* **What you need to do**: The lines below from the one with "Блок управления климат-контролем, 3400" up to and including the one with "The rights of elders in Islam" are what you should set down, exactly and without pictures.

* **Data extracts**:

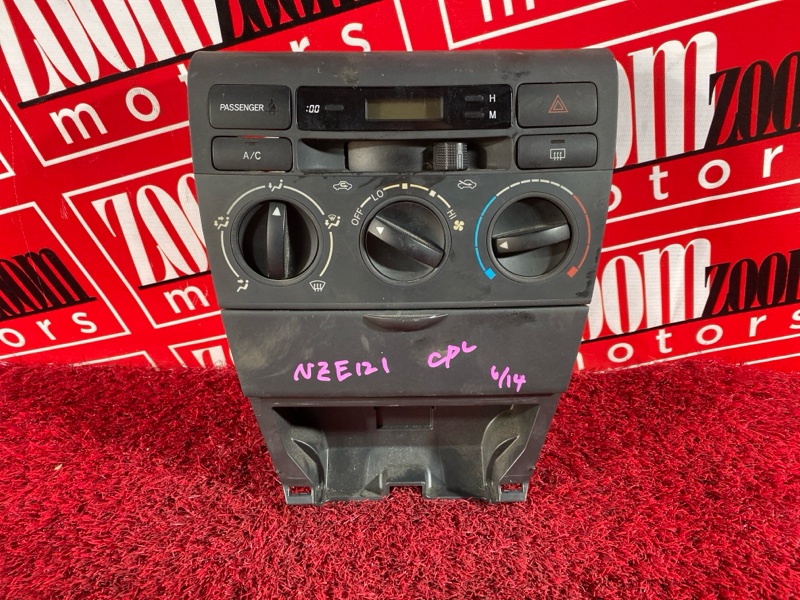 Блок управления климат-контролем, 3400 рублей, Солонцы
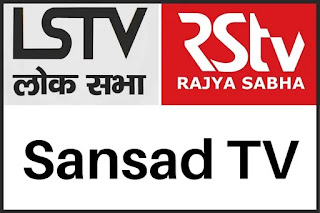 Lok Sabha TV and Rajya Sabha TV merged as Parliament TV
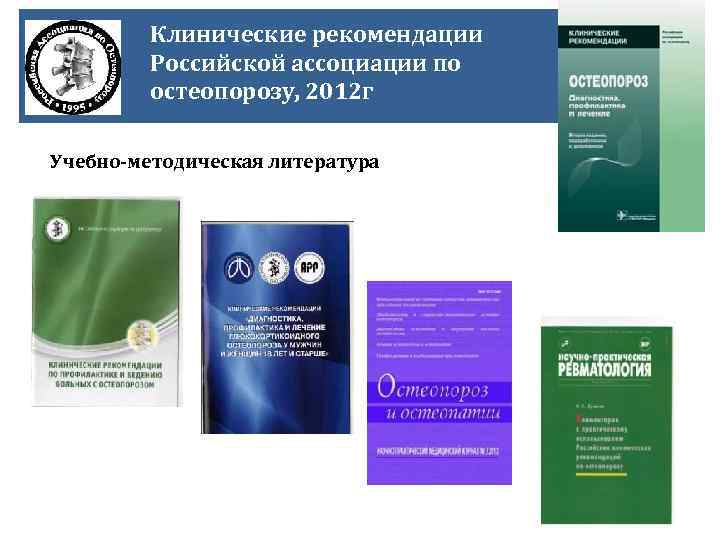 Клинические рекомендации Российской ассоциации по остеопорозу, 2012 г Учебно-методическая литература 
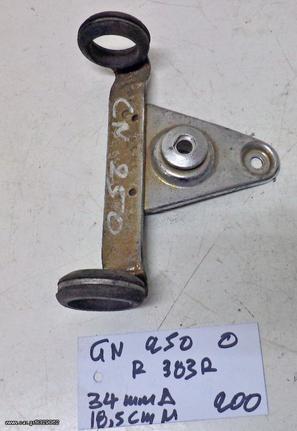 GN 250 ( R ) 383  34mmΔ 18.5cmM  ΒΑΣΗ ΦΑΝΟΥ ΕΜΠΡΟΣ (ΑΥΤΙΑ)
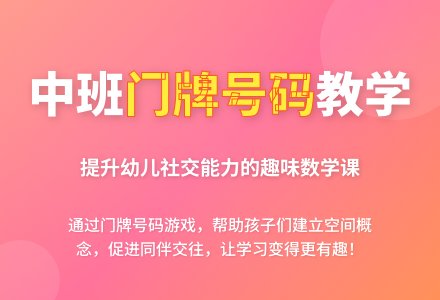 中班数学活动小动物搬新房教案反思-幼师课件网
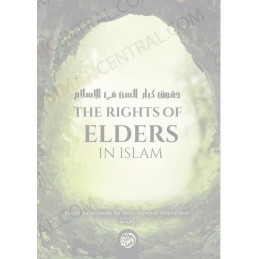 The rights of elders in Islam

--

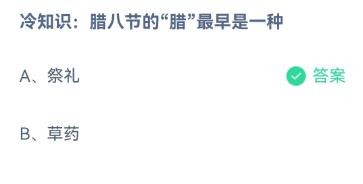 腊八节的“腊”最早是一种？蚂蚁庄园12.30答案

--

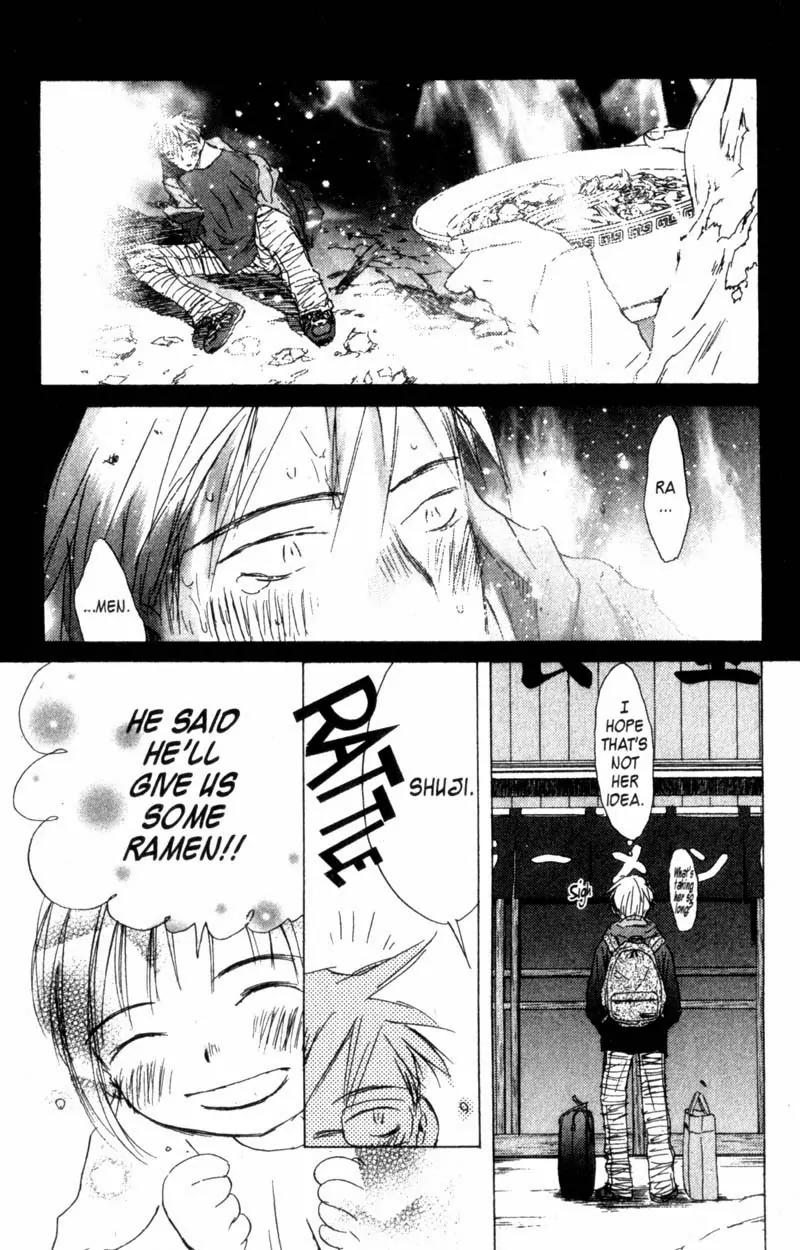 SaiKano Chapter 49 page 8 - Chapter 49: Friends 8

* **Reply to the task**:
 Блок управления климат-контролем, 3400 рублей, Солонцы
 Lok Sabha TV and Rajya Sabha TV merged as Parliament TV
 Клинические рекомендации Российской ассоциации по остеопорозу, 2012 г Учебно-методическая литература 
 GN 250 ( R ) 383  34mmΔ 18.5cmM  ΒΑΣΗ ΦΑΝΟΥ ΕΜΠΡΟΣ (ΑΥΤΙΑ)
 中班数学活动小动物搬新房教案反思-幼师课件网
 The rights of elders in Islam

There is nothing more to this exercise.